* [WORK TASK]:
After locating the line containing "ビッグ・トラック2nd誕生日 スクエアシール (バッグ)", restate that line and each one after it exactly, through the last line of the material.

········

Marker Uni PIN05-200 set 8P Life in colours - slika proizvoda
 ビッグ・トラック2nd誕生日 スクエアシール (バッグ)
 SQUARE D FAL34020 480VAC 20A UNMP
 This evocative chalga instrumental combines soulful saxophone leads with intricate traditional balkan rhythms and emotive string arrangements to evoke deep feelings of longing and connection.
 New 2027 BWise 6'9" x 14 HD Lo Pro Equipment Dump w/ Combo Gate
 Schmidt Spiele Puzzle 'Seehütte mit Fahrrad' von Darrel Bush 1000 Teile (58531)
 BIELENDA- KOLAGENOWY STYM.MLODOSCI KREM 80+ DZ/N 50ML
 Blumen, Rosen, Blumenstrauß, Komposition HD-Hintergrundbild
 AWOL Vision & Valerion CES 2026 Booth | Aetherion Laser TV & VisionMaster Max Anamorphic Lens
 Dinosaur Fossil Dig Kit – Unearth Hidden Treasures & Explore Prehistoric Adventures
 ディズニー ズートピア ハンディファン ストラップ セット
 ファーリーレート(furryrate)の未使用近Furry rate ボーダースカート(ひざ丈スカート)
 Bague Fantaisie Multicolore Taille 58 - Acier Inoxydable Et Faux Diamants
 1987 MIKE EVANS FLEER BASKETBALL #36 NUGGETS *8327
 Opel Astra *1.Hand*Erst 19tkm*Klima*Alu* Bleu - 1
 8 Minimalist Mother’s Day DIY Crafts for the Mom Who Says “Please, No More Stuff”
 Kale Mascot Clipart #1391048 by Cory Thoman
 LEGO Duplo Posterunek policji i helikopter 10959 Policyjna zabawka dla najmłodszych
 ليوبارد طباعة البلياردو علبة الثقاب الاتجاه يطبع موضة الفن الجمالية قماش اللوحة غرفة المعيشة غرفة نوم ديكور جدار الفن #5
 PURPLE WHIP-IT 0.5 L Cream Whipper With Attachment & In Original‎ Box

········

* [SOLUTION]:
 ビッグ・トラック2nd誕生日 スクエアシール (バッグ)
 SQUARE D FAL34020 480VAC 20A UNMP
 This evocative chalga instrumental combines soulful saxophone leads with intricate traditional balkan rhythms and emotive string arrangements to evoke deep feelings of longing and connection.
 New 2027 BWise 6'9" x 14 HD Lo Pro Equipment Dump w/ Combo Gate
 Schmidt Spiele Puzzle 'Seehütte mit Fahrrad' von Darrel Bush 1000 Teile (58531)
 BIELENDA- KOLAGENOWY STYM.MLODOSCI KREM 80+ DZ/N 50ML
 Blumen, Rosen, Blumenstrauß, Komposition HD-Hintergrundbild
 AWOL Vision & Valerion CES 2026 Booth | Aetherion Laser TV & VisionMaster Max Anamorphic Lens
 Dinosaur Fossil Dig Kit – Unearth Hidden Treasures & Explore Prehistoric Adventures
 ディズニー ズートピア ハンディファン ストラップ セット
 ファーリーレート(furryrate)の未使用近Furry rate ボーダースカート(ひざ丈スカート)
 Bague Fantaisie Multicolore Taille 58 - Acier Inoxydable Et Faux Diamants
 1987 MIKE EVANS FLEER BASKETBALL #36 NUGGETS *8327
 Opel Astra *1.Hand*Erst 19tkm*Klima*Alu* Bleu - 1
 8 Minimalist Mother’s Day DIY Crafts for the Mom Who Says “Please, No More Stuff”
 Kale Mascot Clipart #1391048 by Cory Thoman
 LEGO Duplo Posterunek policji i helikopter 10959 Policyjna zabawka dla najmłodszych
 ليوبارد طباعة البلياردو علبة الثقاب الاتجاه يطبع موضة الفن الجمالية قماش اللوحة غرفة المعيشة غرفة نوم ديكور جدار الفن #5
 PURPLE WHIP-IT 0.5 L Cream Whipper With Attachment & In Original‎ Box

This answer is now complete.